▸ Material provided
'''
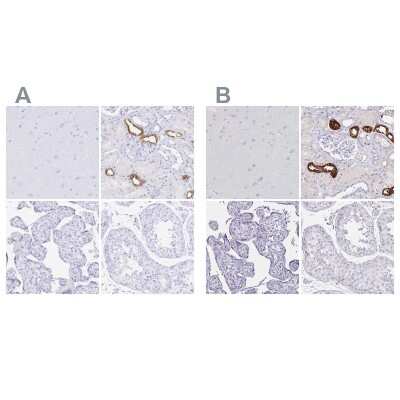 Immunohistochemistry-Paraffin: Uromodulin Antibody [NBP2-33730]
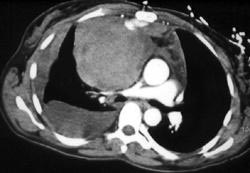 Mediastinal Bleed - CTisus CT Scan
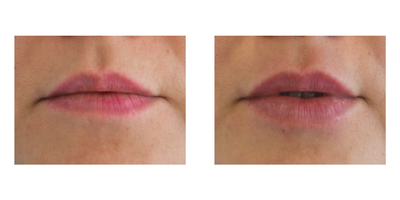 35-44 year old woman treated with Lip Fillers - For the lips volumination, an application of hyaluronic acid is performed with personalized techniques to restore or give volume and elasticity in a natural way to the lips, always respecting naturalness and avoiding excesses or very voluminous lips.The results are progressive, they can be seen from the moment of application, but after 15 days the final result is reflected.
'''
▸ About this task
Write the material out again exactly as it appears, dropping the pictures.

▸ Exercise answer
 Immunohistochemistry-Paraffin: Uromodulin Antibody [NBP2-33730]
 Mediastinal Bleed - CTisus CT Scan
 35-44 year old woman treated with Lip Fillers - For the lips volumination, an application of hyaluronic acid is performed with personalized techniques to restore or give volume and elasticity in a natural way to the lips, always respecting naturalness and avoiding excesses or very voluminous lips.The results are progressive, they can be seen from the moment of application, but after 15 days the final result is reflected.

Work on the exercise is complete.